◆ Listed records ◆
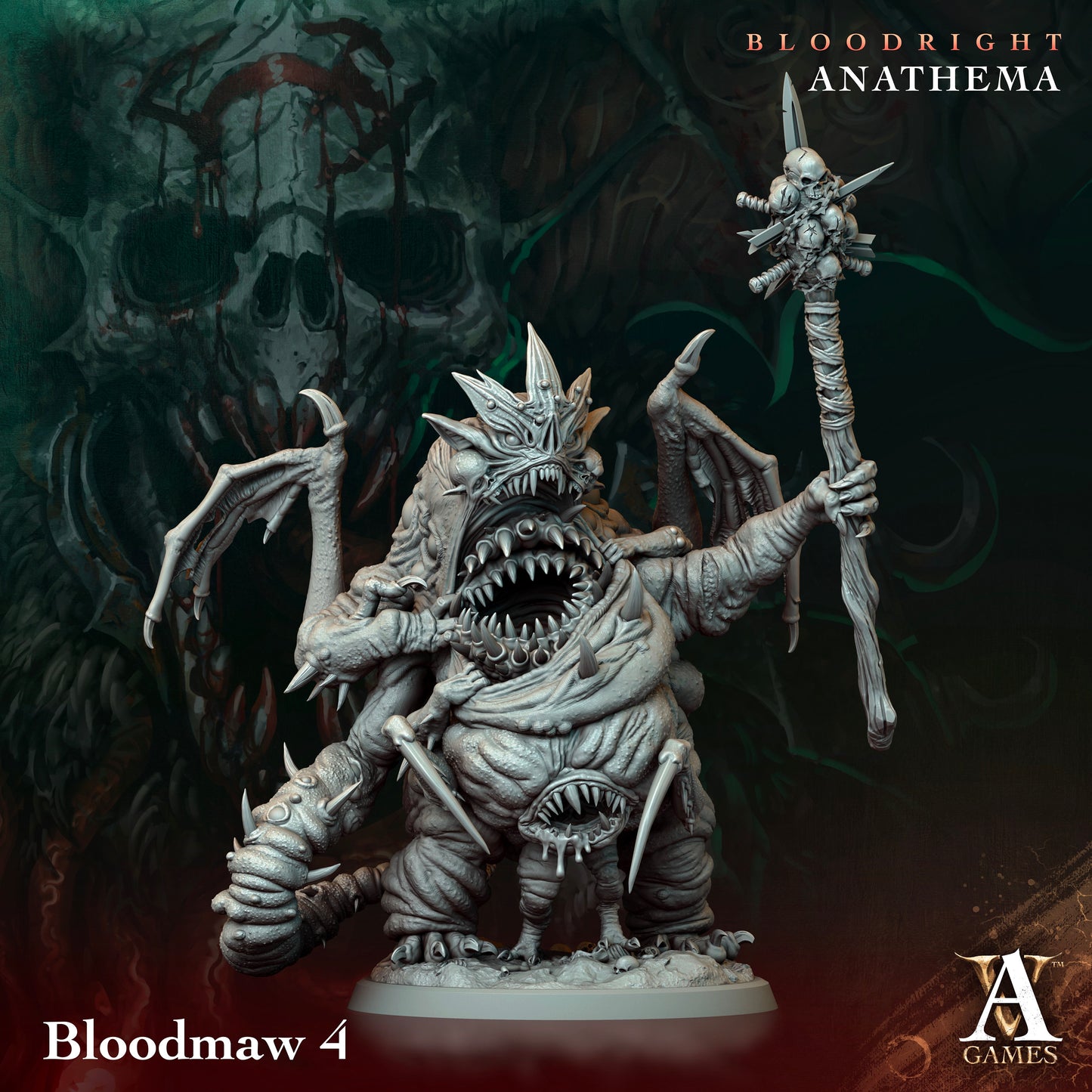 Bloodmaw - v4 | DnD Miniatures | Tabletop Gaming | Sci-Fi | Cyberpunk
* * *
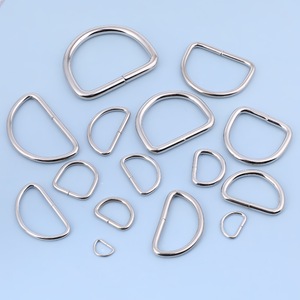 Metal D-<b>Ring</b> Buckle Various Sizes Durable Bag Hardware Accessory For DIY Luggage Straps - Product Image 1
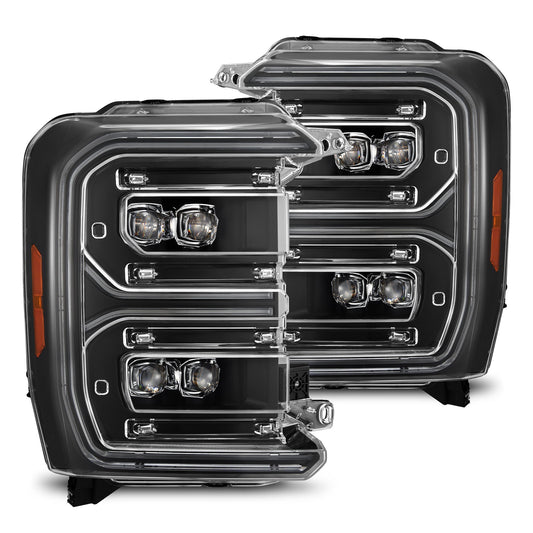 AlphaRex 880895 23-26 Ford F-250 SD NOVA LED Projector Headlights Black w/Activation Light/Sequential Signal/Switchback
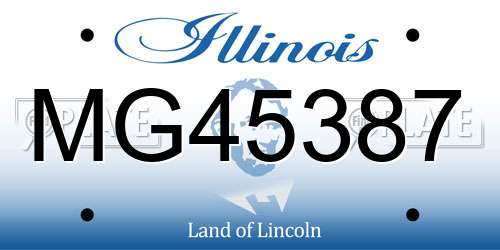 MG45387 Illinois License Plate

◆ What is needed ◆
Reproduce the listing above only between the lines holding "Metal D-<b>Ring</b> Buckle" and "MG45387 Illinois License Plate", inclusive. Every line must match exactly, and pictures are dropped.

◆ Response to this task ◆
 Metal D-<b>Ring</b> Buckle Various Sizes Durable Bag Hardware Accessory For DIY Luggage Straps - Product Image 1
 AlphaRex 880895 23-26 Ford F-250 SD NOVA LED Projector Headlights Black w/Activation Light/Sequential Signal/Switchback
 MG45387 Illinois License Plate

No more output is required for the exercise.